400A Frame
⚡ 400 A Frame MCCB
A 400A frame MCCB
defines the mechanical class
of the breaker — its physical size, terminals, and short‑circuit capability.
It is built to carry up to 400A continuously, but the actual protection rating (In)
depends on the trip unit, which may be set lower (e.g., 250 A or 320 A).
🟦 Core Distinction
- Frame size
—
The physical envelope: dimensions, terminal spacing, busbar interface, and accessory family.

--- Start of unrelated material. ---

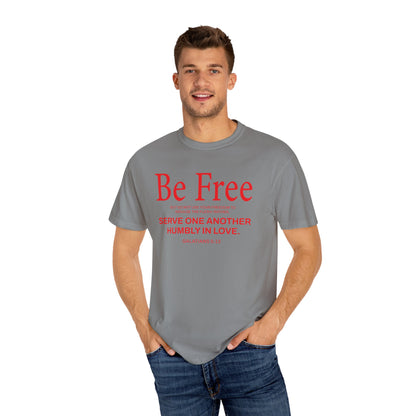 Be Free "Galatians 5:13" Red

A 400A frame is larger and more robust than 250 A or 160 A frames. - Rated/Set current (In)
—
The continuous load‑protection setting.
Adjustable within the trip unit’s range, but never above 400A.
🟧 Practical Implications
- Breaking capacity
—
Determined by the frame, not the trip setting; multiple kA options exist per model. - Accessory compatibility
—
Full suite: aux contacts, shunt trip, motor operator, comms modules. - Application fit
—
Medium‑to‑large feeders, motors, and LV distribution boards. - Flexibility
—
The same 400A frame can protect 250A, 320A, or 400A circuits, depending on the trip unit.
🟨 Quick Comparison
| Attribute | 400 A Frame | Rated Current (In) |
|---|---|---|
| Meaning | Physical size & accessory family | Protection setting |
| Range | Accepts trip units up to 400A | Adjustable (e.g., 250–400A) |
| Breaking capacity | Fixed by frame design | Independent of setting |
| Choose when | Panel layout & fault level require it | The load current dictates it |
🟫 Selection Checklist
- Match In to load
- Verify Icu/Ics ≥ prospective fault current
- Confirm terminal/busbar fit
- Choose trip unit type(TM vs electronic LSIG)
- Coordinate protection with upstream ACBs/MCCBs
- Derate for environment(temperature, altitude)
⭐ One‑line summary
A 400A frame MCCB is a physically larger, higher‑capacity breaker platform that accepts trip units up to 400A, with its mechanical strength and breaking capacity defined by the frame, not the trip setting.